**What you will do:** Write the records below out again word for word, with the pictures removed.

**Pictures with short captions:**

++++

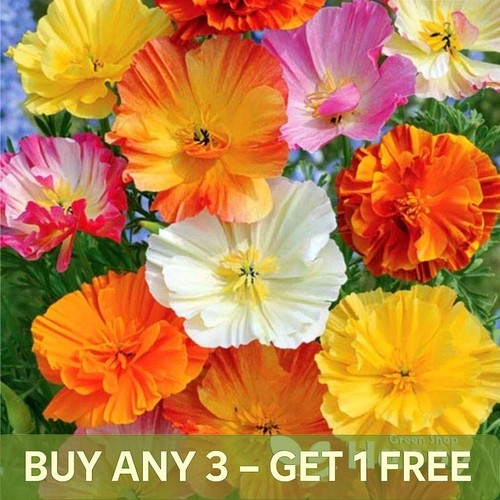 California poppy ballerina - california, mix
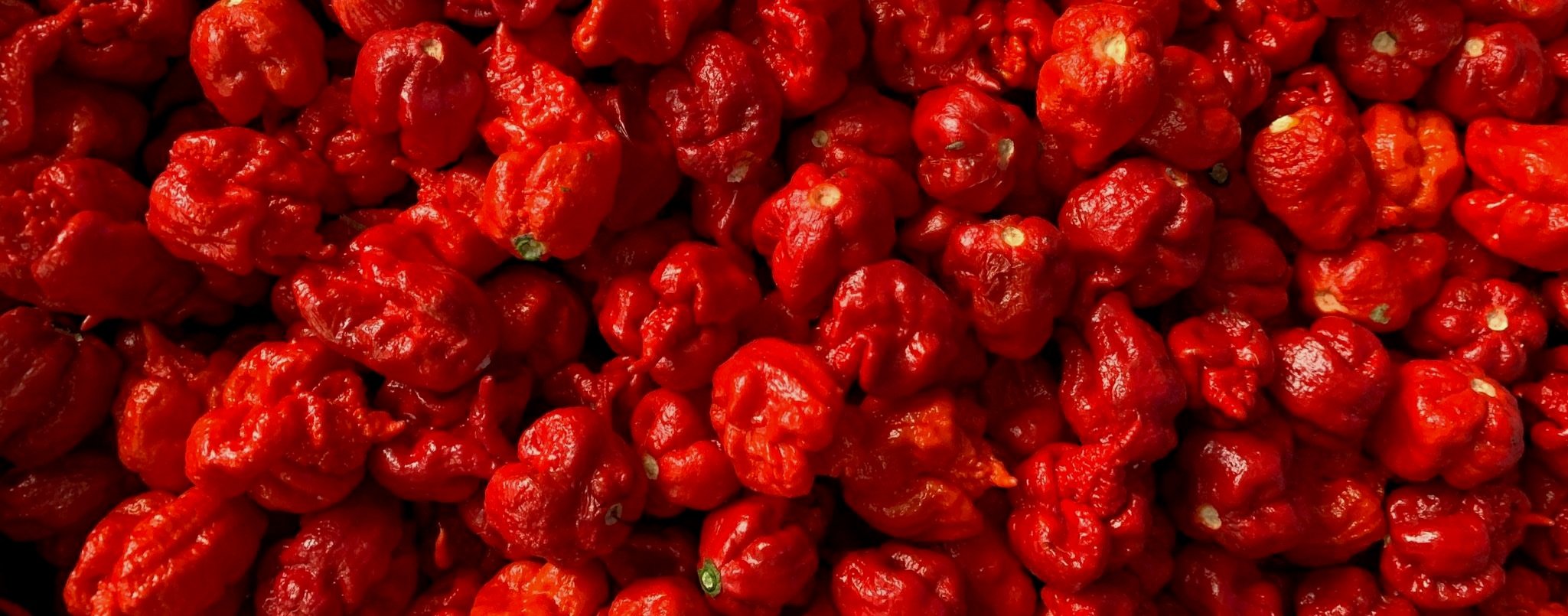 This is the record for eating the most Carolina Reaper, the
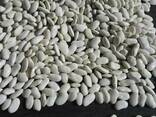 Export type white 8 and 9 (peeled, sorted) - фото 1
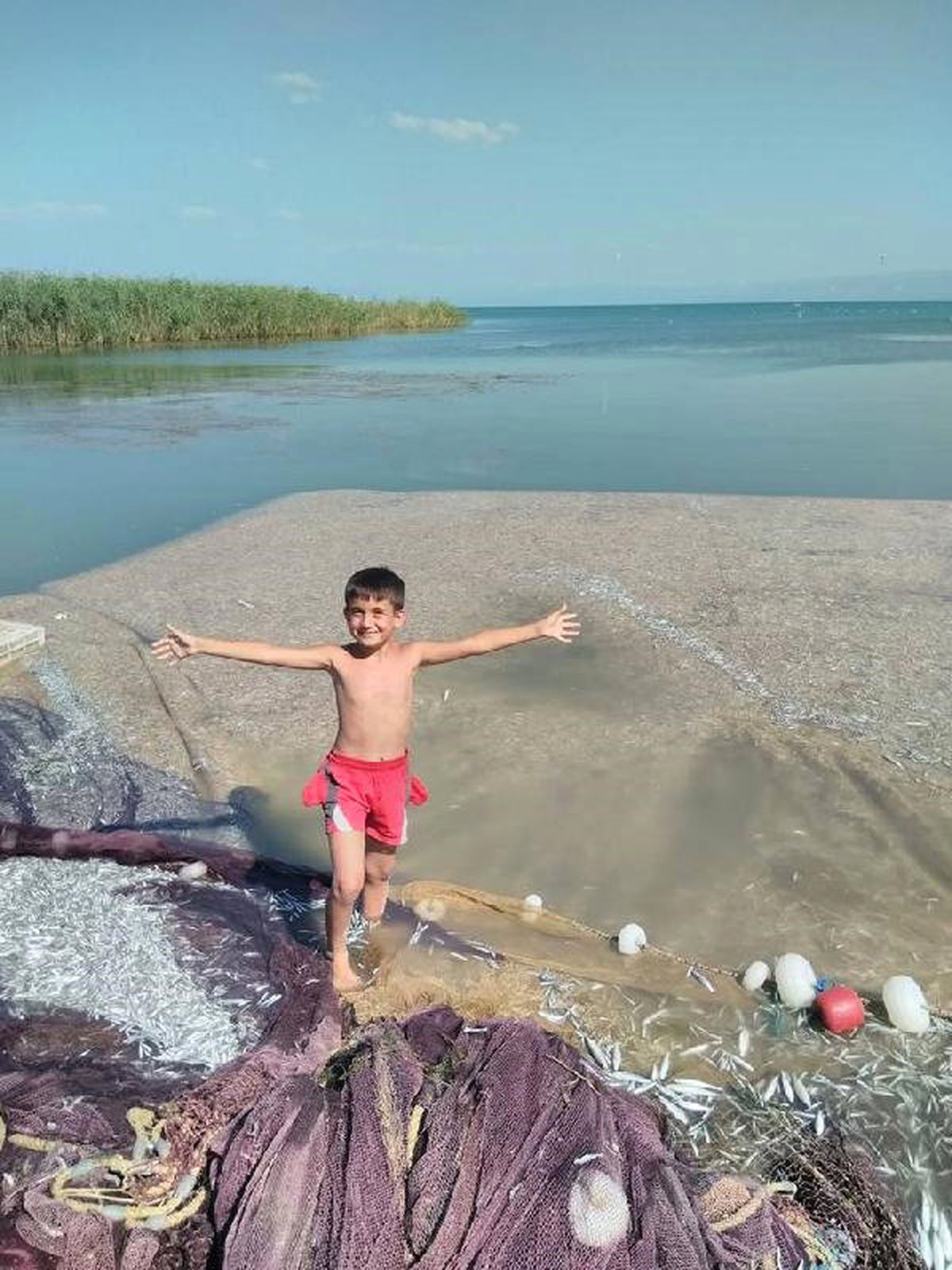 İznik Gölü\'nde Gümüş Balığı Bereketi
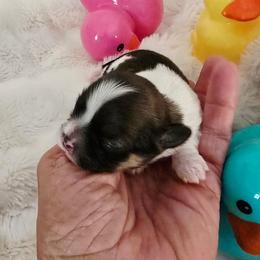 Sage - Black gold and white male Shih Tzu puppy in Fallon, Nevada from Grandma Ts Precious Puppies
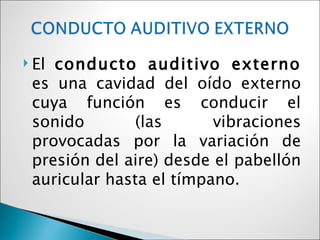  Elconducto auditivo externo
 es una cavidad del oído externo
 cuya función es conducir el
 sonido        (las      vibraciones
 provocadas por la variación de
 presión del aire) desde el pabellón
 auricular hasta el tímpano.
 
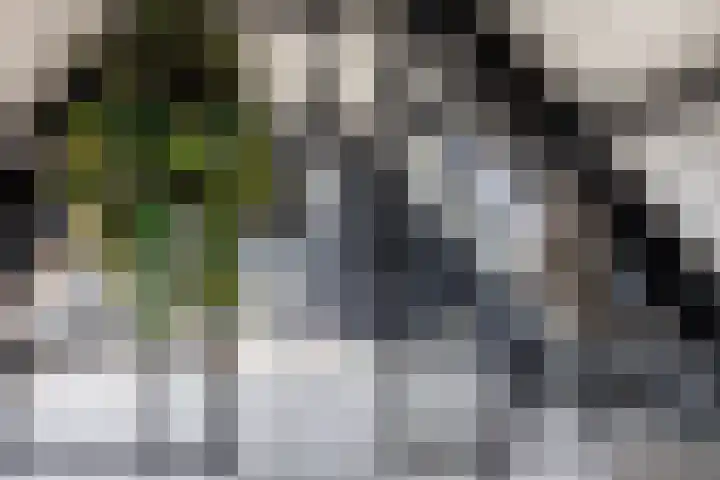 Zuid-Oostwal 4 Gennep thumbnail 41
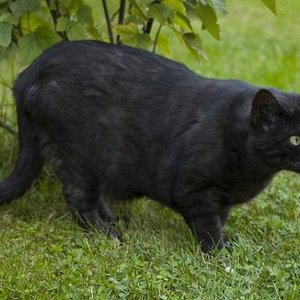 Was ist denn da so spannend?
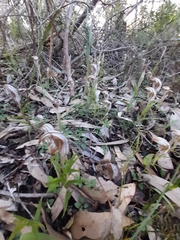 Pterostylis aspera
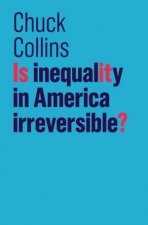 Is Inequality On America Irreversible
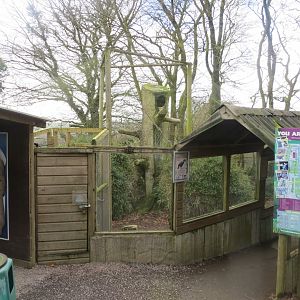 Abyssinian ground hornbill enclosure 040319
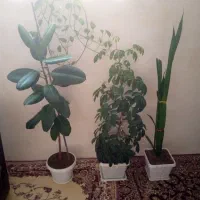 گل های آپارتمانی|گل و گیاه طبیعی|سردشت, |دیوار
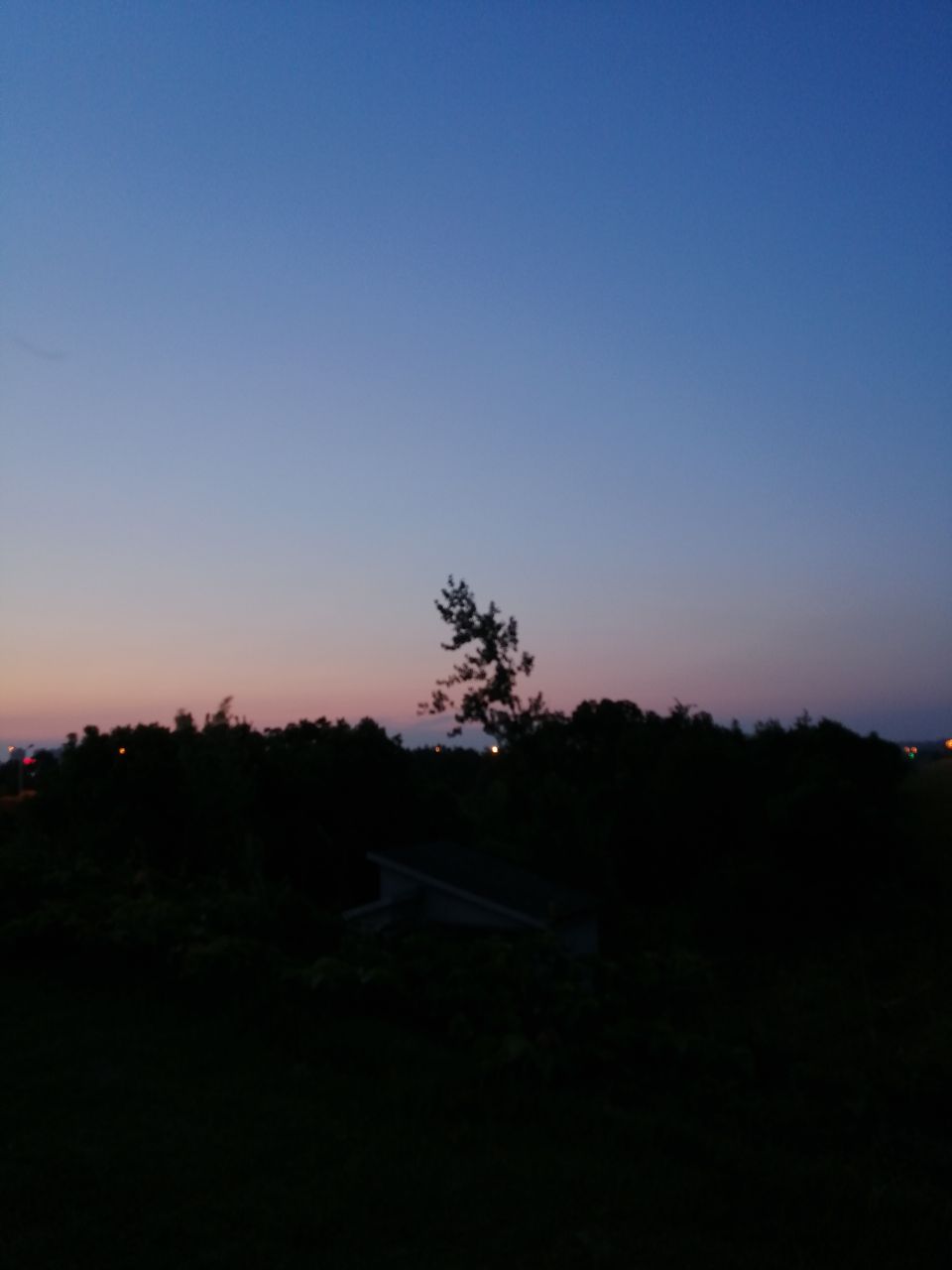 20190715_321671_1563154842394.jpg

++++

**Expected answer:**
 California poppy ballerina - california, mix
 This is the record for eating the most Carolina Reaper, the
 Export type white 8 and 9 (peeled, sorted) - фото 1
 İznik Gölü\'nde Gümüş Balığı Bereketi
 Sage - Black gold and white male Shih Tzu puppy in Fallon, Nevada from Grandma Ts Precious Puppies
  Elconducto auditivo externo
 es una cavidad del oído externo
 cuya función es conducir el
 sonido        (las      vibraciones
 provocadas por la variación de
 presión del aire) desde el pabellón
 auricular hasta el tímpano.
 
 Zuid-Oostwal 4 Gennep thumbnail 41
 Was ist denn da so spannend?
 Pterostylis aspera
 Is Inequality On America Irreversible
 Abyssinian ground hornbill enclosure 040319
 گل های آپارتمانی|گل و گیاه طبیعی|سردشت, |دیوار
 20190715_321671_1563154842394.jpg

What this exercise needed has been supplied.